Idiotic stupidity not worth the time it would take to respond too.

As Christians, when we ask for forgiveness - are we simply being greedy?
Forgiveness is offered by God voluntarily. What He asks for in return, if anything is between Him and the one receiving His forgiveness.

Are we sinning by asking for forgiveness rather than earning it?
Forgiveness is not unearned! Christ earned our forgiveness (i.e. He paid for it with His life) and He offers it to us as a gift, none of which He was required nor forced to do.

Is Christ teaching us to give into greed when he teaches us to forgive others?
We are asked not to be hypocrites and to willingly forgive those who repent as we have been forgiven because the same price that was paid for our sin was paid for theirs.

When he teaches us to give our own earned possessions to the poor and needy?
Our own possessions are ours to do with as we please. We are not to give to the poor because their economic condition gives them a claim check on our production. Further the biblical idea of the "the poor" isn't your idea of the same. The poor and needy during biblical times was not typically the sort who refused to work but rather those who, like children, are unable to produce for themselves for some reason outside their control, whether because of disability, injury or disease. In any case, our charity must be our own in order for it to be a moral issue. In other words, whatever gifts we give to the poor must be given willingly or else its something else other than charity.

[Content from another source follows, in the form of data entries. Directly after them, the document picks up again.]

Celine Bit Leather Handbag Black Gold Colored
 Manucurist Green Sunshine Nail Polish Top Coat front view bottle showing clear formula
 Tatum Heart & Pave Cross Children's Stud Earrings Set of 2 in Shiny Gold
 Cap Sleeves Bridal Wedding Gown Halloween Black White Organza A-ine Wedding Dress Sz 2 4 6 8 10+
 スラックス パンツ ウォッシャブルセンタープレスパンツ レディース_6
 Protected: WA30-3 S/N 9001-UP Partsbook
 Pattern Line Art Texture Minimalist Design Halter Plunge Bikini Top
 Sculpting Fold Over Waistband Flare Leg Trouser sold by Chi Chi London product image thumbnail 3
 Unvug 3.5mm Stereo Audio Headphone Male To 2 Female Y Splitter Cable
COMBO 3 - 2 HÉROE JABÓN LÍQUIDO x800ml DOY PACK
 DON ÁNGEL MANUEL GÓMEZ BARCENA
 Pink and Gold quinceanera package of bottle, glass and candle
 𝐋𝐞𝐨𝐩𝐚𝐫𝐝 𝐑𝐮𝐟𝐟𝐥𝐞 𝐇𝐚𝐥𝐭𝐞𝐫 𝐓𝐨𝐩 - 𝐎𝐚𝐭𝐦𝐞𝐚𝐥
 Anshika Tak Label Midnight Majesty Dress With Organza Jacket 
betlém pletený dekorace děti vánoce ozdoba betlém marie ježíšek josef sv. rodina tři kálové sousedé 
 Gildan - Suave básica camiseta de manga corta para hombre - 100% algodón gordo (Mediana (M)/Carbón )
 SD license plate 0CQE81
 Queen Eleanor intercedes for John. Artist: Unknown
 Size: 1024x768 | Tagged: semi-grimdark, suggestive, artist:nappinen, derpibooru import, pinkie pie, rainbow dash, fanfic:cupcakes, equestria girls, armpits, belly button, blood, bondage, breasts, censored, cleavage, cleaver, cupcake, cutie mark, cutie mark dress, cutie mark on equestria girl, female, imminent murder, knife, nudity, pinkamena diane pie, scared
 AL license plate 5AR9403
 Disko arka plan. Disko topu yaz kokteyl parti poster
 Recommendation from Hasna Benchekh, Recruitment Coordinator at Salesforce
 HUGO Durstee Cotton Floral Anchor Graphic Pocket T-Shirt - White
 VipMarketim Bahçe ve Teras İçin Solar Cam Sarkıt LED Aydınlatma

The fact is that all of us - from the most well accomplished to the bum on the street - have a lot of things given to us that we never earned, and that we couldn't earn even if we wanted too.
Like what?

I do not accept that this is greed.
I didn't ask whether you accepted it or not and don't care. Of course you don't or else you'd have to hold yourself as greedy.

It is not greed to ask for food when you are hungry and can't afford it. It is not greedy to be in need or to hit hard times.
ASKING for food is fine well and good! Believing that your hunger gives you a claim check on someone else's food is not!

I'd have no problem at all with the "Will work for food!" signs if they weren't lies! And I'd have no problem with soup kitchens if the people who took advantage of them were willing to work and didn't act as though they're entitled to the food that they neither earned nor good produce if their lives depended on it.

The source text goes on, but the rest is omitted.